►

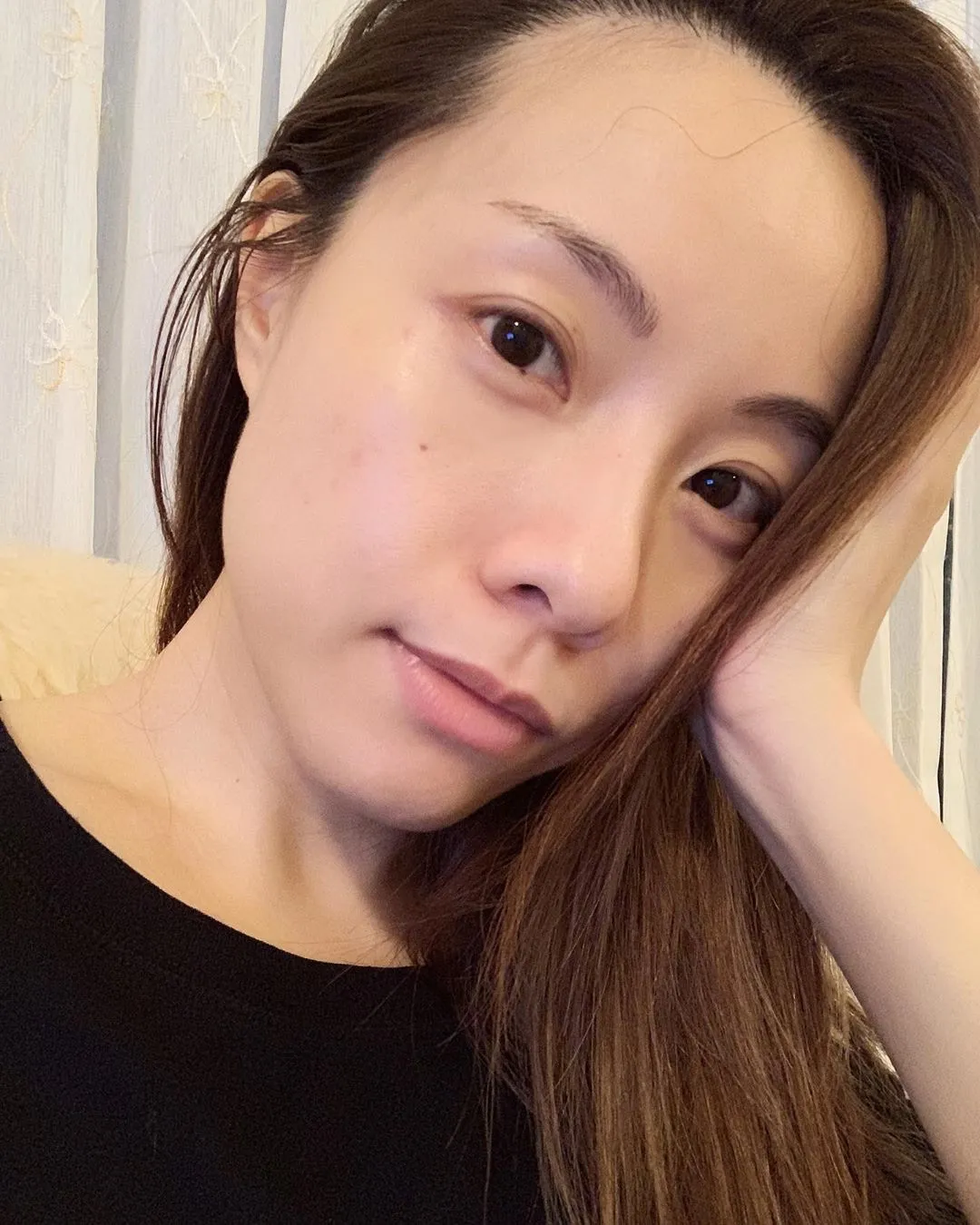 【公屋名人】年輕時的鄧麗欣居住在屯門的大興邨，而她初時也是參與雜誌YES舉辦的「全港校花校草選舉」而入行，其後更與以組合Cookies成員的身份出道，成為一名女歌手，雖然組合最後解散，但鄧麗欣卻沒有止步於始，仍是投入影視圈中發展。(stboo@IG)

◄
►

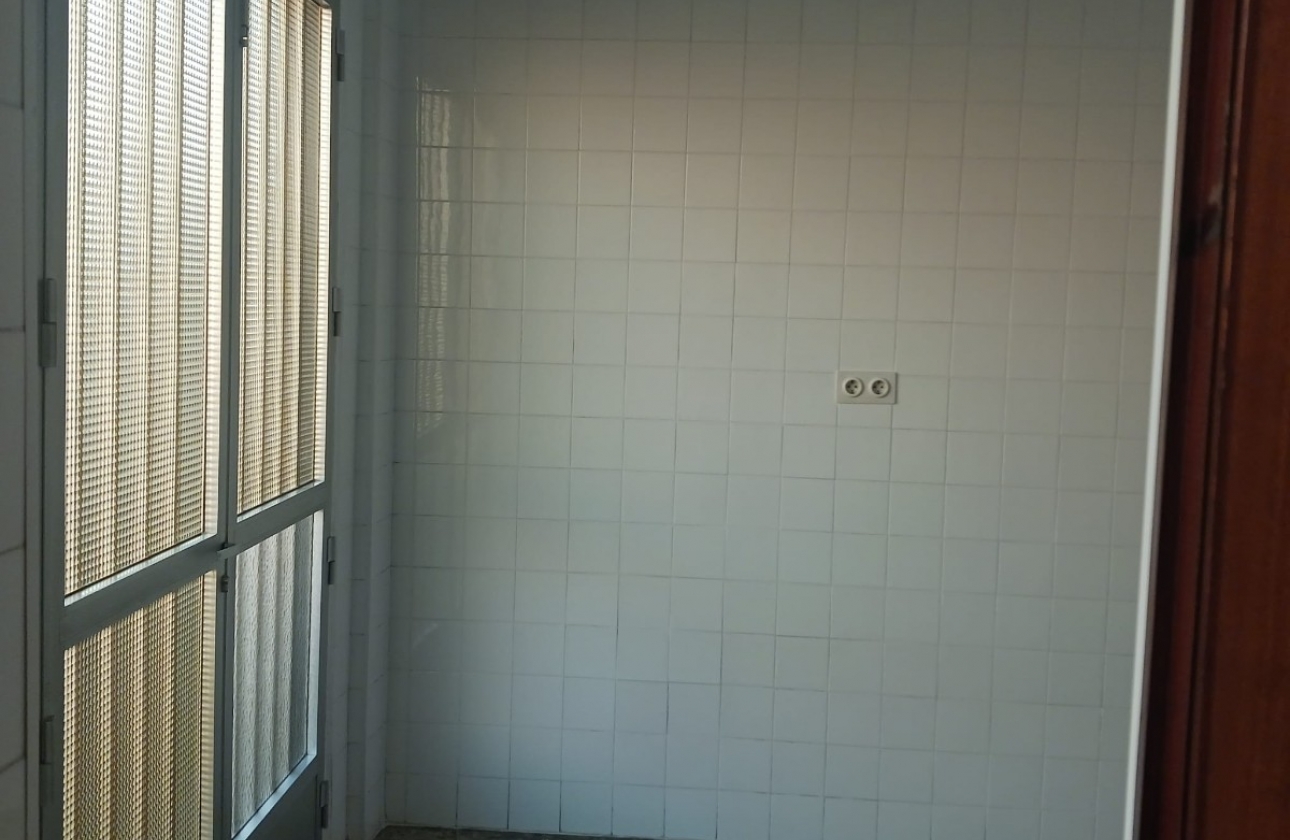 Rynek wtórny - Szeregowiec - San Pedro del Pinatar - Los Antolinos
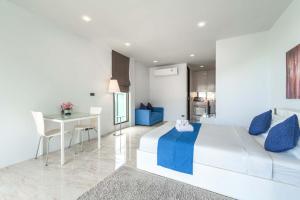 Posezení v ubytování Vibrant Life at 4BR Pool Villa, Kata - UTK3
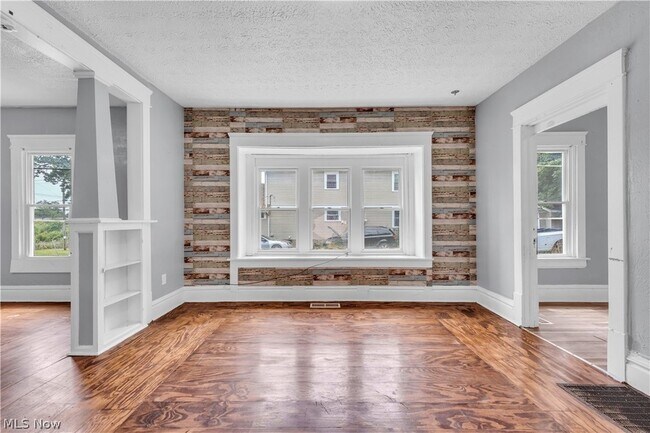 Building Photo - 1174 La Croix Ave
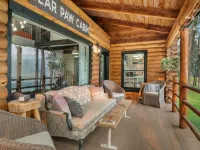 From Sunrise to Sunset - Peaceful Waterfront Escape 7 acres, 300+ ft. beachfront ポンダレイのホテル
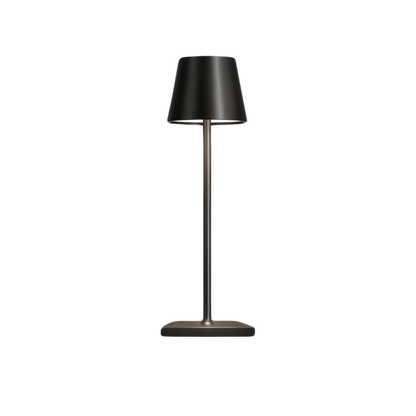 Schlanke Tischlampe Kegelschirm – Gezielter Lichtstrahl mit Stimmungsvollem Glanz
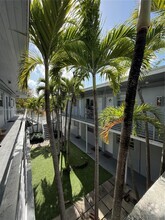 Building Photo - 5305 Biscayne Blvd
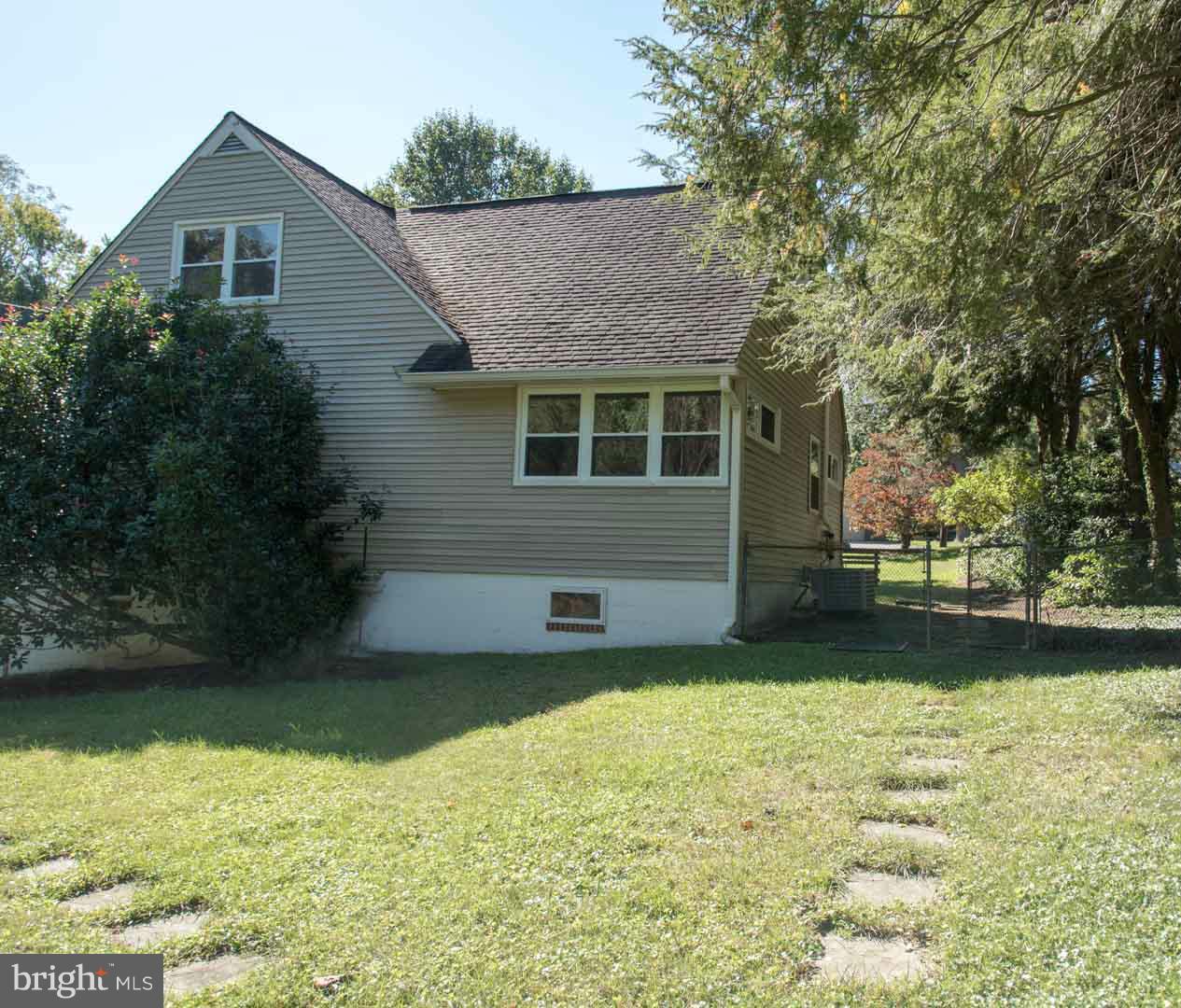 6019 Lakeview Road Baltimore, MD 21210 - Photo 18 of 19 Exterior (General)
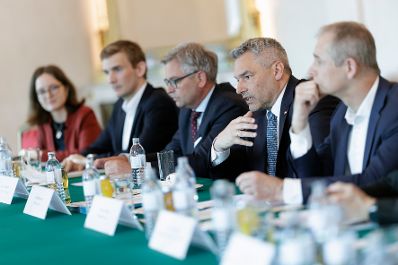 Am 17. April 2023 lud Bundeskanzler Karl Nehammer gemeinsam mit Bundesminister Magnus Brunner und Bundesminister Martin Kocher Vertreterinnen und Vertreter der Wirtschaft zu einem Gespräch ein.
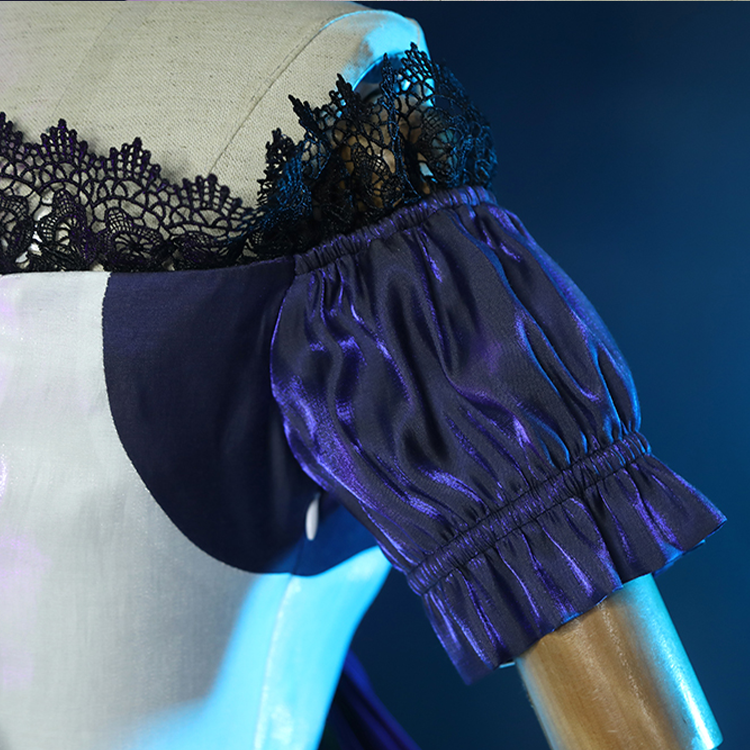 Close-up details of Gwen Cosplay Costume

◄
►

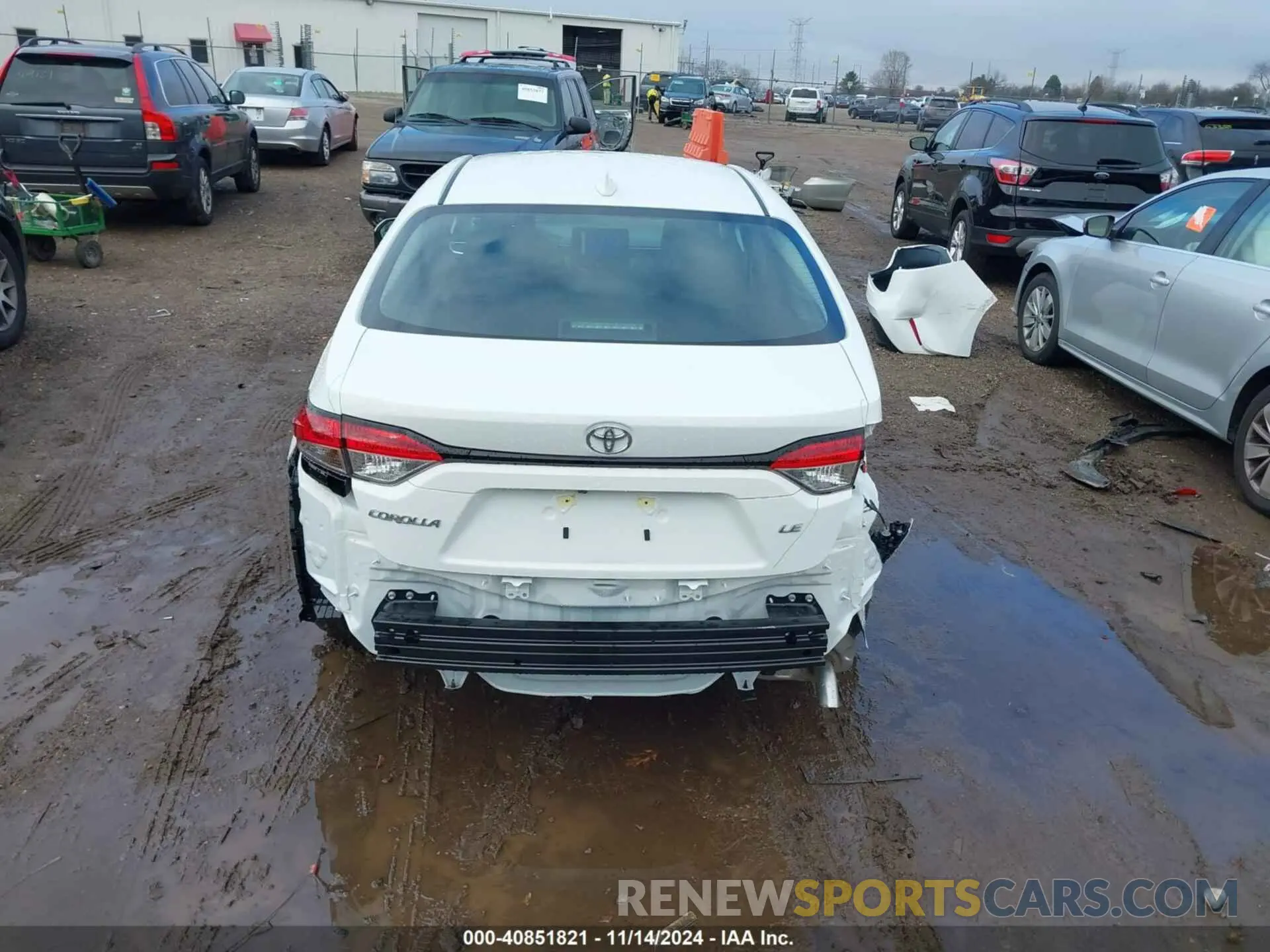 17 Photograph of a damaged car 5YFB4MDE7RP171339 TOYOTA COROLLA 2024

◄

_Task statement_
Give back, exactly and without pictures, the stretch of the records above from the line containing "Am 17. April" through the line containing "Close-up details of Gwen Cosplay Costume", with both end lines included.

_Result below_
 Am 17. April 2023 lud Bundeskanzler Karl Nehammer gemeinsam mit Bundesminister Magnus Brunner und Bundesminister Martin Kocher Vertreterinnen und Vertreter der Wirtschaft zu einem Gespräch ein.
 Close-up details of Gwen Cosplay Costume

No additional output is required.